__Task input__.
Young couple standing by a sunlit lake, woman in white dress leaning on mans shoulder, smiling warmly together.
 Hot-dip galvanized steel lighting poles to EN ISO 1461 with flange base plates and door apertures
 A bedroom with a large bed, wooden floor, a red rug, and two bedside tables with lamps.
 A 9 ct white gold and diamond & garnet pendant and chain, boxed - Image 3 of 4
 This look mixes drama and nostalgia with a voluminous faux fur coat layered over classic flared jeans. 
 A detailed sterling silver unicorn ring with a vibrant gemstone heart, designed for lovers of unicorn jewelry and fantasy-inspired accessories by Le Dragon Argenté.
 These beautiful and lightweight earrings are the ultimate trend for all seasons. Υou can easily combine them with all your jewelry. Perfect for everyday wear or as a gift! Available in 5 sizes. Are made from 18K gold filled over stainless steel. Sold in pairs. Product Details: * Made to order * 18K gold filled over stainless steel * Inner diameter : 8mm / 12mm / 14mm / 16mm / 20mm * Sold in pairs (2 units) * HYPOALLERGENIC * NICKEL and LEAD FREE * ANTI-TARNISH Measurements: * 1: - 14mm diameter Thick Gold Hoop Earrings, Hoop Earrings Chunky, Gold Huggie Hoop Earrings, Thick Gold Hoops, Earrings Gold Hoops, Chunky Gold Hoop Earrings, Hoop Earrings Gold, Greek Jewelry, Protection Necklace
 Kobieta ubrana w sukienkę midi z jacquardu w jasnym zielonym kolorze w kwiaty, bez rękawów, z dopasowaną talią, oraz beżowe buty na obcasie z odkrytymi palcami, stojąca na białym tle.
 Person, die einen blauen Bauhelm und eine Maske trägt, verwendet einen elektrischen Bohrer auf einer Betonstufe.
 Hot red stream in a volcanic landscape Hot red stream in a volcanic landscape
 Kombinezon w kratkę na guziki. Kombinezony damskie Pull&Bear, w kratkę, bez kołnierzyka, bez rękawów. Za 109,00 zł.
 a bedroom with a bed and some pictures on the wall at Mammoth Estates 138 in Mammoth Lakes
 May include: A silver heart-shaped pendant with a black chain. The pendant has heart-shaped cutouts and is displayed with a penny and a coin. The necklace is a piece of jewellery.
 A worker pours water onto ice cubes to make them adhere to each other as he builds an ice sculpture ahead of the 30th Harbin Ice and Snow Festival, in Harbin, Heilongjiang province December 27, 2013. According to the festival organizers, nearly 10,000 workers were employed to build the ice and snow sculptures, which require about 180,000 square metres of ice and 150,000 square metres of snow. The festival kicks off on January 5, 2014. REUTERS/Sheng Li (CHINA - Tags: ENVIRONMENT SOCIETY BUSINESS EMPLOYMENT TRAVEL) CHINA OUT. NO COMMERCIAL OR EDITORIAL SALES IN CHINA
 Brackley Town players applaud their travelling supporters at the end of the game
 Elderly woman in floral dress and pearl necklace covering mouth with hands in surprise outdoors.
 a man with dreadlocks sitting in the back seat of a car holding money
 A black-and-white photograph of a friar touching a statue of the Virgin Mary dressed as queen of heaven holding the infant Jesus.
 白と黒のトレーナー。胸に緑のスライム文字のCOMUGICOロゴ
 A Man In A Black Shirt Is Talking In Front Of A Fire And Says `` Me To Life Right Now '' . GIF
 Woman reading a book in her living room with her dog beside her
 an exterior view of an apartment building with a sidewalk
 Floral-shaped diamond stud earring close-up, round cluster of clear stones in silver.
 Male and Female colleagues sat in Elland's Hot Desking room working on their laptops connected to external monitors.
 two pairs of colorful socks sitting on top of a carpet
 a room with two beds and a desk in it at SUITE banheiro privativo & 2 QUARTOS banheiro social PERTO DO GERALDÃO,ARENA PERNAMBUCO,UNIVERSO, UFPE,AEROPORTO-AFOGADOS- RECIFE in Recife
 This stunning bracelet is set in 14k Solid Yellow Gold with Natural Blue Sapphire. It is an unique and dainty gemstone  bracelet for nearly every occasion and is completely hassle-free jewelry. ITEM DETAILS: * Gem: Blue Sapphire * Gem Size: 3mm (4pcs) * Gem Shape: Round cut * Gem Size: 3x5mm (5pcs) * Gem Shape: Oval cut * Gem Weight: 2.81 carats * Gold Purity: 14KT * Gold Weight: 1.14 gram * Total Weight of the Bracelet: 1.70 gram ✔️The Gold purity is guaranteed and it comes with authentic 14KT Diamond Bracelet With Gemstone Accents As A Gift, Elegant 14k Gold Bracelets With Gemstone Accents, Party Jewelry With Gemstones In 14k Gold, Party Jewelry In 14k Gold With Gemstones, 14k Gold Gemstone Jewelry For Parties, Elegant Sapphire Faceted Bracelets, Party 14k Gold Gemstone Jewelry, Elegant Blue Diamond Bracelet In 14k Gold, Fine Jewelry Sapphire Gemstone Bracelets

__Task statement__. Give only the lines from the one holding "a man with dreadlocks" through the one holding "白と黒のトレーナー。胸に緑のスライム文字のCOMUGICOロゴ", each restated exactly as it appears above.

__Answer box__.
 a man with dreadlocks sitting in the back seat of a car holding money
 A black-and-white photograph of a friar touching a statue of the Virgin Mary dressed as queen of heaven holding the infant Jesus.
 白と黒のトレーナー。胸に緑のスライム文字のCOMUGICOロゴ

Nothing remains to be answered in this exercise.